Brief Thoughts on “AI” and LLMs

There’s so much discourse around the new class of “large language models” (henceforth “LLM”s) going around that I feel compelled to write my thoughts out.

To begin, there’s this persistent problem with our language around these things. It’s far too easy for people to talk about these language models “thinking” this or “recognizing” that; manners of speaking that imply agency when I don’t really think that it’s warranted. If an LLM gives the correct answer in response to a query, it’s important to recognize that what you’re seeing is not an intelligent agent getting the query, parsing out the meaning of it, and arriving at the answer, but simply continuing the text in a way that comports with what it’s been trained on. That is, the “answers” – really, we should say “continuations” – are a matter of statistical correlation; there’s no semantics here, and only syntax on the level of brute-force matching. This is why it makes me feel like I’m losing my mind when seeing people use these things for searching or otherwise getting factual information. The only thing that these systems do – can do – is generate plausible continuations of text.

Some people may argue that, for all we know, this is essentially how humans work.
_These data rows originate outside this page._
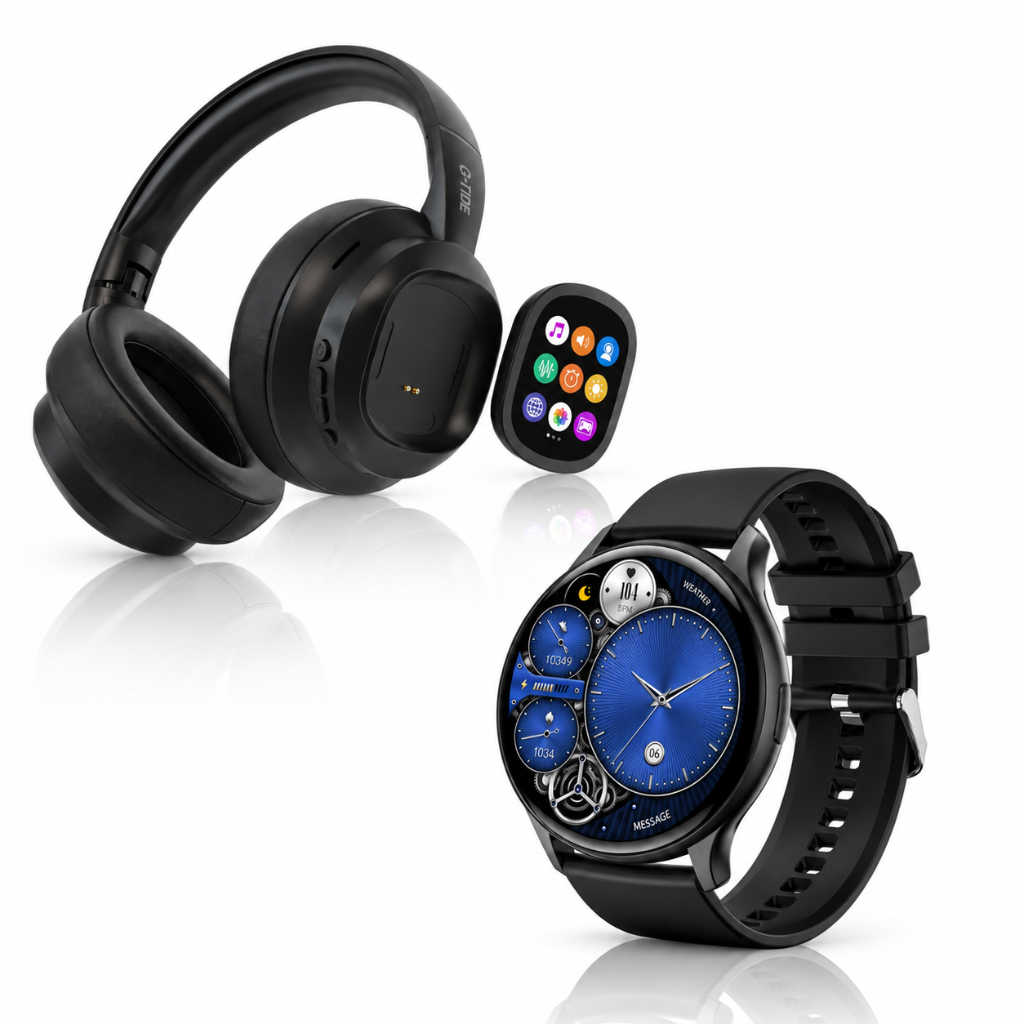 G‑Tide Future Loop + Smartwatch G‑Tide R5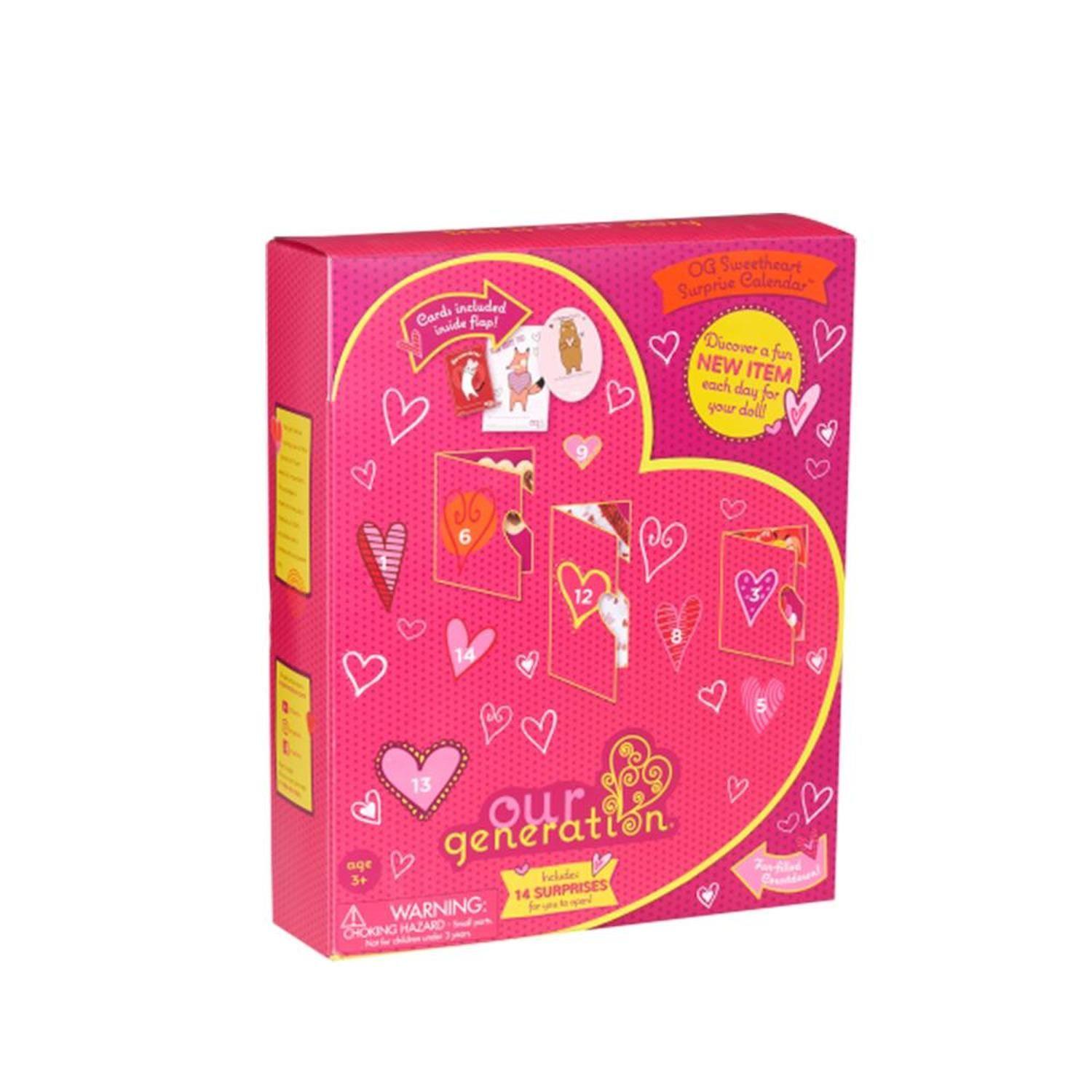 Calendario sorpresa sweetheart-1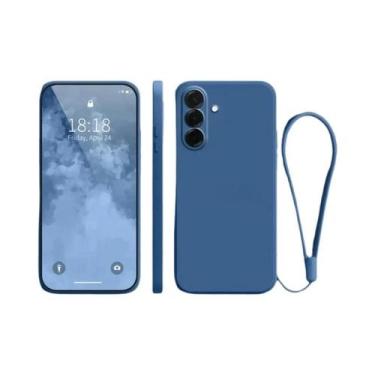 Imagem de Capa Protetora De Silicone Líquido Para Samsung Galaxy S26 S25FE A57 A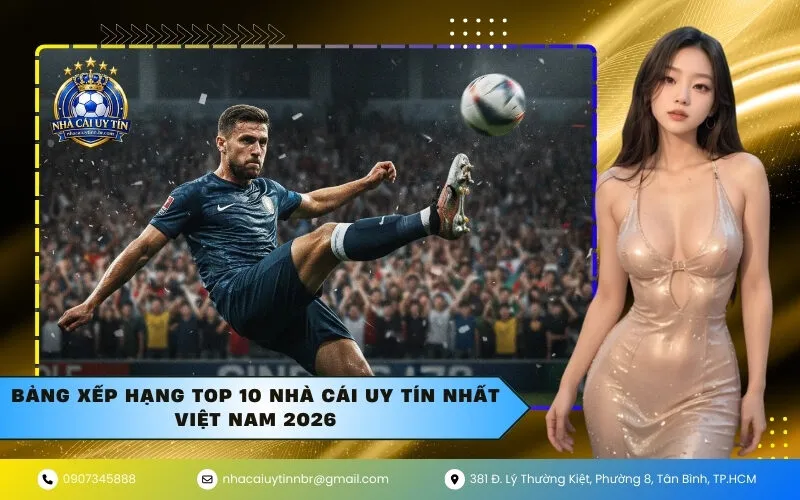 Bảng Xếp Hạng Top 10 Nhà Cái Uy Tín Nhất Việt Nam 2026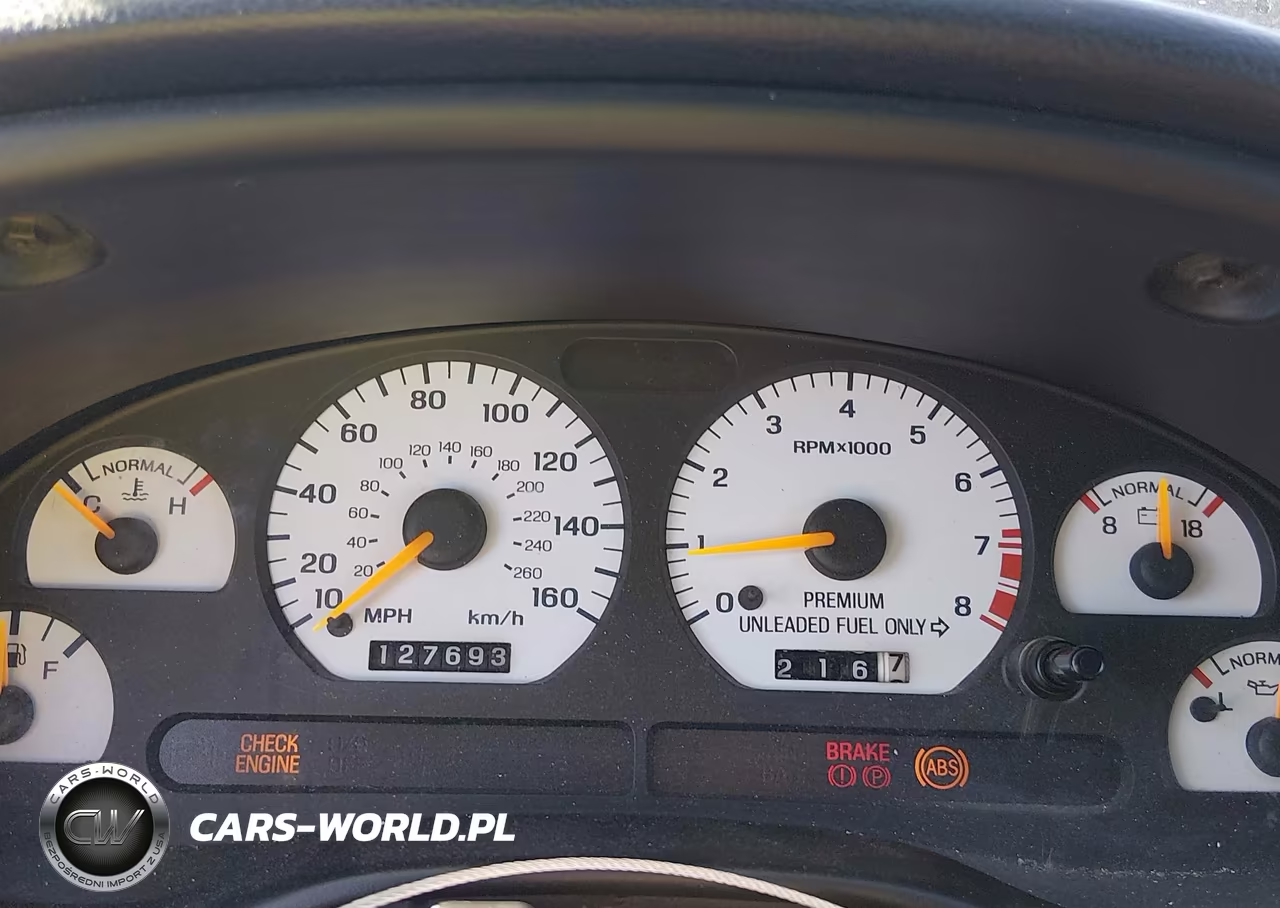 1997 Ford Mustang Cobra VIN:1FALP47V7VF192965 - 7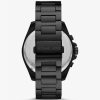 Montre homme Michael Kors Brecken réf. MK8858, chronographe quartz, boîtier 43 mm, acier inoxydable – deuxième vue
That’s debatable, but in any case, a key distinction is that humans generally can metacognate to the extent that we know when we don’t know something. LLMs, on the other hand, will just keep going, try to generate an answer which – because they are pretty good at manipulating language and have huge data-sets to draw on – is generally fairly plausible, grammatical, confident, and wrong. As Noam Chomsky has pointed out, one of the problems with these LLMs is that they’re too “powerful”, in the sense that they are capable of “reasoning” from incoherent premises. This is a problem, because it means that they will always generate feasible-looking some output, even if the “correct” answer is “that question is ill-formed”.

I will admit to feeling fairly melancholy when I first read about how these things can transform programming. I actually really enjoy the practice of programming and I would be sad to have it be so devalued that it wouldn’t be a viable career. However, when I actually tried using these things for programming work, I rapidly became much less concerned. From what I’ve seen, the LLMs can only really provide answers for the most trivial of tasks – every time I’ve tried using them for something non-trivial, they’ve given code that was simply non-functional. It looks like what it is – the first few StackOverflow results for similar questions (only “similar”, because of course if the answer was actually that easy to find, I would already have had it), mushed together, made syntactically valid, but often calling non-existent libraries, and when it actually runs just doesn’t perform the task it was supposed to. To date, I’ve yet to have it give me either correct code or to tell me (correctly) that what I was trying to do wasn’t possible.

If people could just stick to using these things for manipulating language – “turn these bullet points into a prose paragraph” sort of thing – then I think that would be fine. It does what it’s actually good for, it’s easy to verify that the output is what you want. When people start using it to find meaning though – summarizing reports, translating text, writing code – things start to get dicey. You have to be so careful to ensure that it’s not making up output that happens to resemble what the true output should be that it hardly seems worthwhile to me. If you had an assistant that got things right, say 80% of the time, but the other 20%, instead of telling you it forgot or can’t perform the task, just made something up, that would hardly seem like an assistant worth having around – you’d have to spend more time verifying their work than they would actually save you. As humans we’re not used to dealing with entities that are such perfectly confident bullshitters that I fear many people will be far too easily misled. Anyone that’s studied human factors design knows that having a system that is often right but still requires a human operator to pay very close attention for infrequent errors is a recipe for rapid complacency with potentially disastrous consequences.